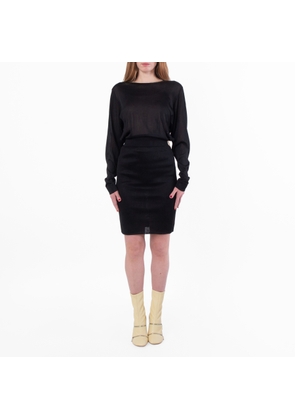 Saint Laurent Black Long-Sleeve Ackless Knit Dress, Size Small
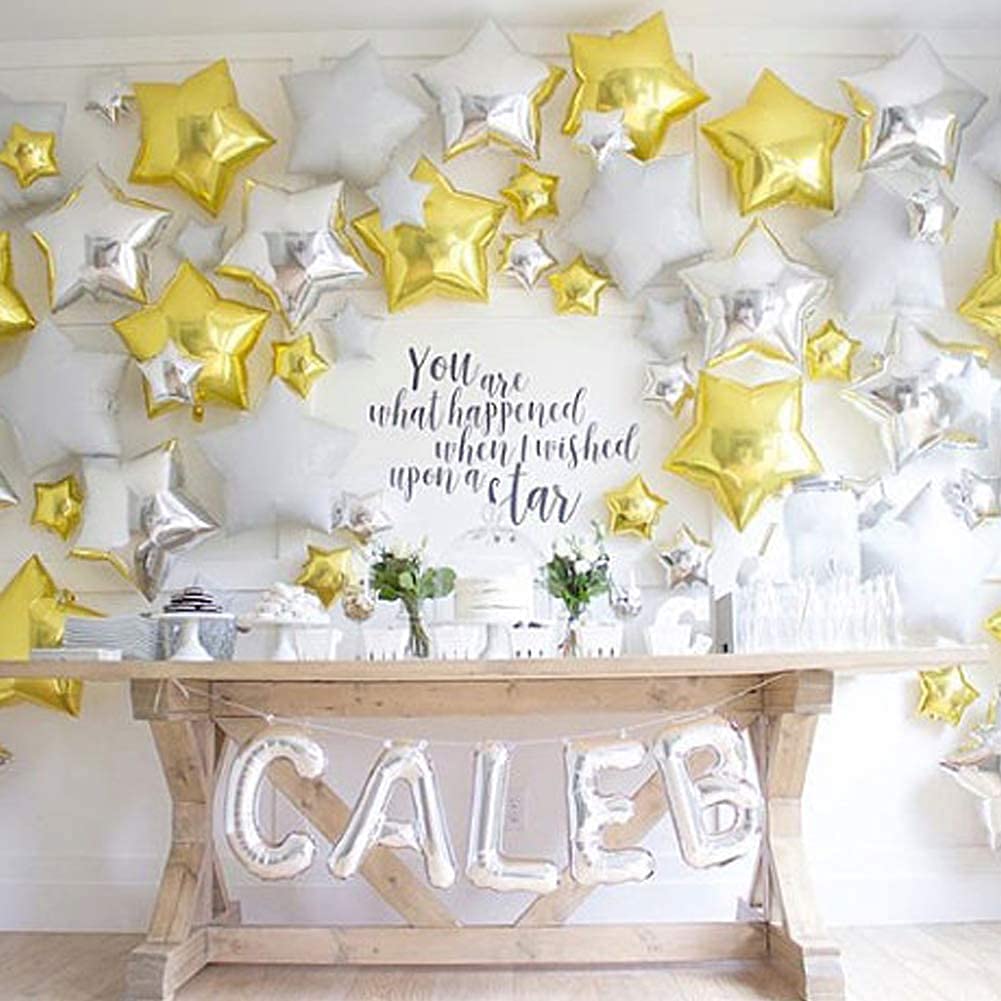 24 Pcs 18" Gold Star Balloons Foil Balloons Mylar Balloon for Baby Shower, Gender Reveal, Wedding, Magical Prom or Engagement Party Decoration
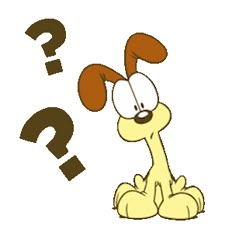 a cartoon dog with question marks on it's face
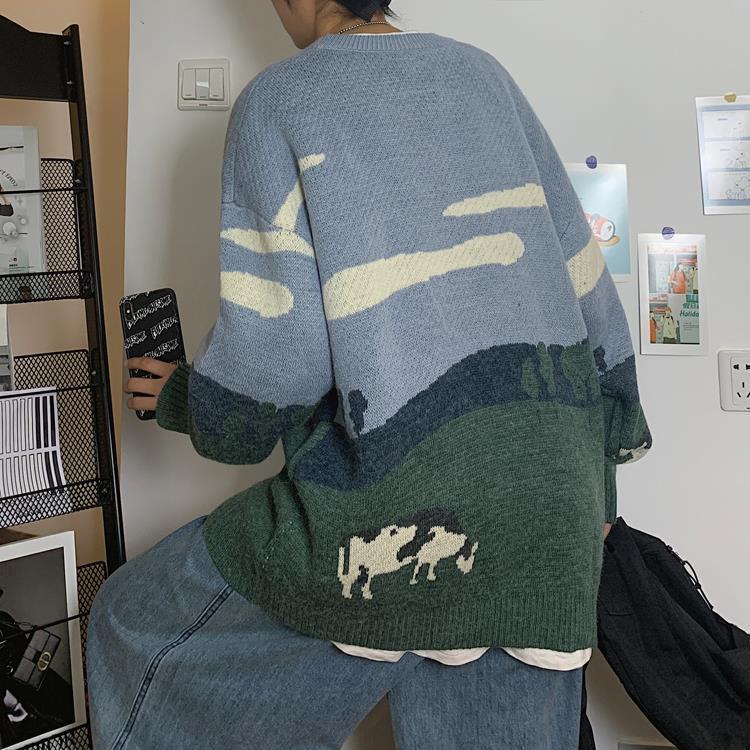 Свитер в стиле ретро с круглым вырезом и коровьим узором, мужской зимний модный пуловер, женский повседневный трикотаж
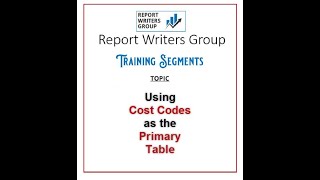 Using Cost Codes as the Primary Table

## Description of the task
Give each record above back word for word, but carry over none of the pictures.

## Answer for this exercise
 Saint Laurent Black Long-Sleeve Ackless Knit Dress, Size Small
 24 Pcs 18" Gold Star Balloons Foil Balloons Mylar Balloon for Baby Shower, Gender Reveal, Wedding, Magical Prom or Engagement Party Decoration
 a cartoon dog with question marks on it's face
 Свитер в стиле ретро с круглым вырезом и коровьим узором, мужской зимний модный пуловер, женский повседневный трикотаж
 Using Cost Codes as the Primary Table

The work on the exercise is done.